Ok. So this is my first blog post.

We are in the midst of the coronavirus craziness, and most of you spending more time at home (at least that what you are supposed to be doing) , so hopefully my blog will provide you with an escape from the toilet paper hoarding, hand-washing and social distancing. A little laughter is the perfect antidote for the bad news that seems to be everywhere.

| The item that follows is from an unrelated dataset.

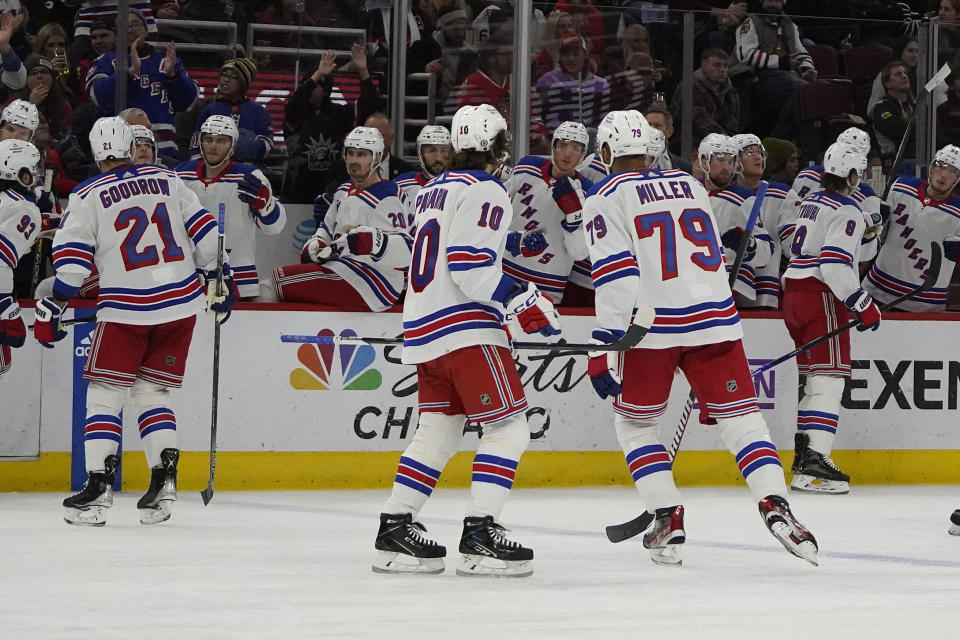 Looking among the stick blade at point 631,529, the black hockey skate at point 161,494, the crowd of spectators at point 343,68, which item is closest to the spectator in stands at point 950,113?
the crowd of spectators at point 343,68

Just like most of you, my world had been turned a bit upside-down lately, but the good news is that our family has been forced to actually spend some time together, and that’s a very good thing; giving us more time together to argue and annoy each other. We have been watching a little too much TV and that reminds me of a story when we had a whopping three channels to pick from, and television sets weighed as much as a baby elephant.

Enjoy my childhood reminiscence and be safe. Now go wash your hands.

Tower of Power

Few people can brag that they had the Eighth Wonder of the World erected in their house. I can. And all because my dad was incredibly thrifty, and maybe just a wee bit lazy.

My father loved console TV’s. I suspect it was because they were just so BIG. You felt like you were getting something for your money, even if it was just mostly a big wooden box containing a slightly-less-big TV, with two hideous burlap-y covered speakers built into the front.

My dad’s love affair with these giants lasted well into the 1980’s, when he finally located one (who knows where) for the master bedroom. Mom was hardly thrilled, but tolerated this quirky addition, and it was placed against wall facing the bed—an ideal spot for watching Johnny Carson and the late news.  It worked perfectly for about three years. Then sizzle, pop, and the screen went black. The audio; however, remained crisp and clear.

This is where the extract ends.